Este trabalho propõe um sobrevoo analítico sobre diferentes expressões de lutas de classes atualmente travadas no ambiente digital. Cientes das limitações de um texto curto, partimos da perspectiva marxista que inspira a teoria crítica da informação (BEZERRA, 2019) com a pretensão de abraçar a totalidade do processo histórico (LOSURDO, 2015, p. 63), configurando a teoria de lutas de classes como uma “teoria geral do conflito social”. Em Losurdo (2015, p. 64), esta teoria é apresentada mediante uma distinção em três “lutas de emancipação”, sendo uma de dimensão internacional, outra nacional e uma de cunho familiar, a saber: “a luta de classes que tem como protagonistas os povos em condições coloniais ou semicoloniais ou de origem colonial; a luta travada pela classe operária nas metrópoles capitalistas (na qual se concentra a reflexão de Marx e Engels); a luta das mulheres contra a ‘escravidão doméstica’”.

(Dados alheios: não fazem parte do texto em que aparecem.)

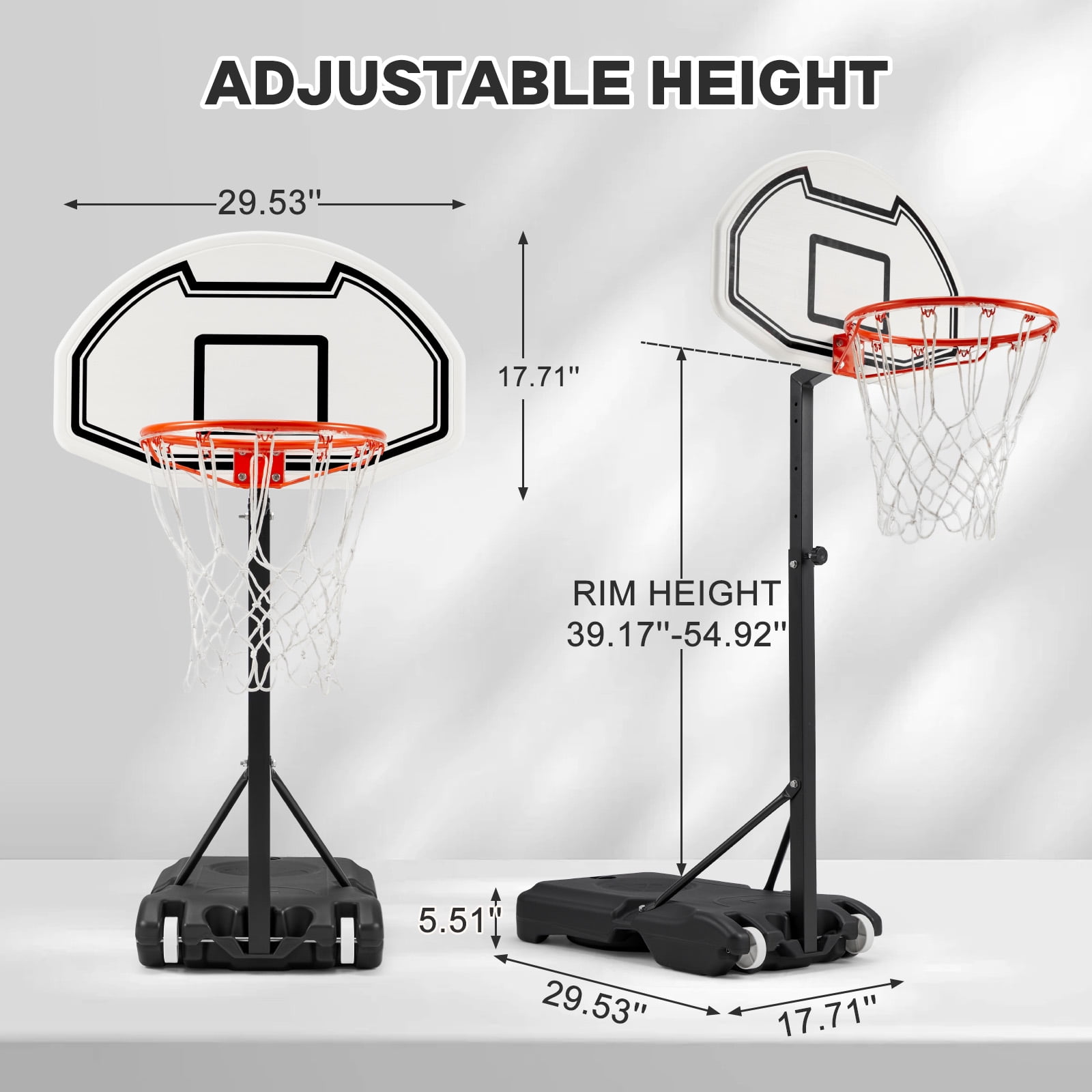 Danrelax 3-4.6 ft LED Pool Basketball Hoop, Poolside Game for Adults & Teens, Black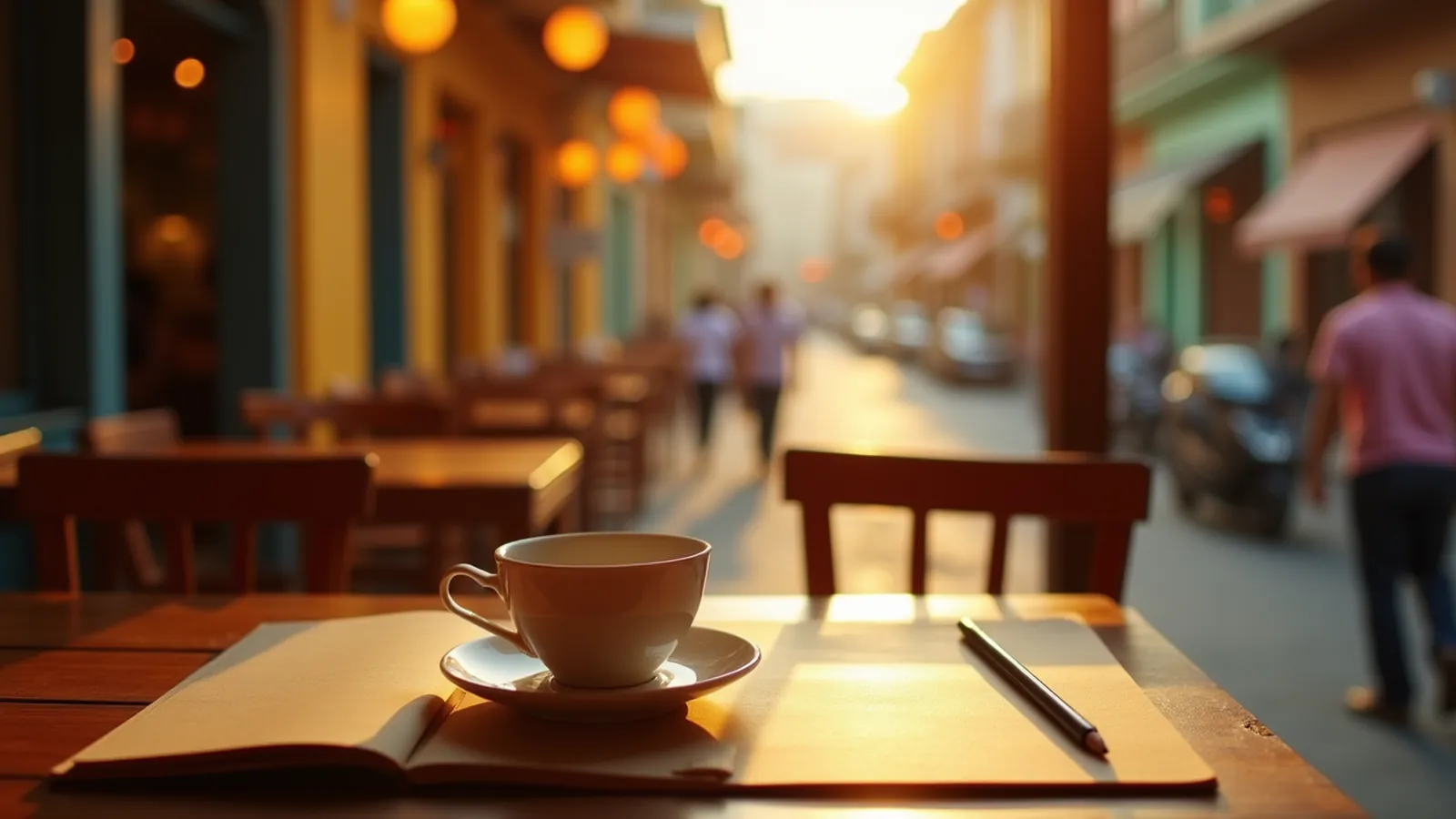 Spanish conversation practice scene: notebook and coffee cup on a sunny café counter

Na contemporaneidade, podemos analisar a colonialidade a que são submetidas ex-colônias no ambiente digital, como é o caso do Brasil, através do conceito de colonialismo de dados, que, segundo Sérgio Amadeu da Silveira (2021, p. 50), deve ser compreendido, principalmente, “como um processo de empobrecimento dos países periféricos diante das gigantescas plataformas de dados”. Para o pesquisador brasileiro, “a fusão do ordenamento neoliberal com as teias de colonialidade sustenta a posição de eterno dependente das tecnologias criadas na matriz” (SILVEIRA, 2021, p. 48), afirmação corroborada durante a pandemia de covid-19 pela dependência das plataformas digitais de empresas estrangeiras a que estiveram submetidos cientistas, pesquisadores, professores, estudantes, universidades, centros tecnológicos e institutos de pesquisa no Brasil – para ficarmos apenas no exemplo das áreas de ciência, tecnologia e ensino.
A luta travada pela classe operária, por sua vez, encontra-se esculpida nas carraras do infoproletariado, termo usado por Ricardo Antunes (2020) para caracterizar os trabalhadores e trabalhadoras de indústrias de software, telemarketing e call center e que hoje abarca, também, motoristas do Uber, entregadores da Amazon e do ifood e tantos outros “colaboradores” (para usar o termo preferido do grande capital, avesso a direitos trabalhistas) fagocitados pelo trabalho precarizado mediado por plataformas digitais.
Finalmente, a luta das mulheres por emancipação manifesta-se também, nos dias de hoje, no contexto da opressão algorítmica operada no ecossistema digital, uma vez que os algoritmos de organização e classificação da informação das gigantes de tecnologia são criados, na maioria das vezes, por programadores brancos do sexo masculino, baseados em dados que tendem a reforçar preconceitos e desigualdades sociais preexistentes. Como nos lembra a cientista da informação Safiya Noble (2021, p. 255), “a interface digital é uma realidade material estruturando um discurso, entranhado em relações históricas”.
Ao posicionar o conflito social no terreno da história, a teoria marxiana permite que enxerguemos as relações de coerção sob as quais se ergue o sistema capitalista, dando o insumo necessário à teoria crítica da informação para atualizar os diagnósticos dos conflitos sociais em suas manifestações contemporâneas.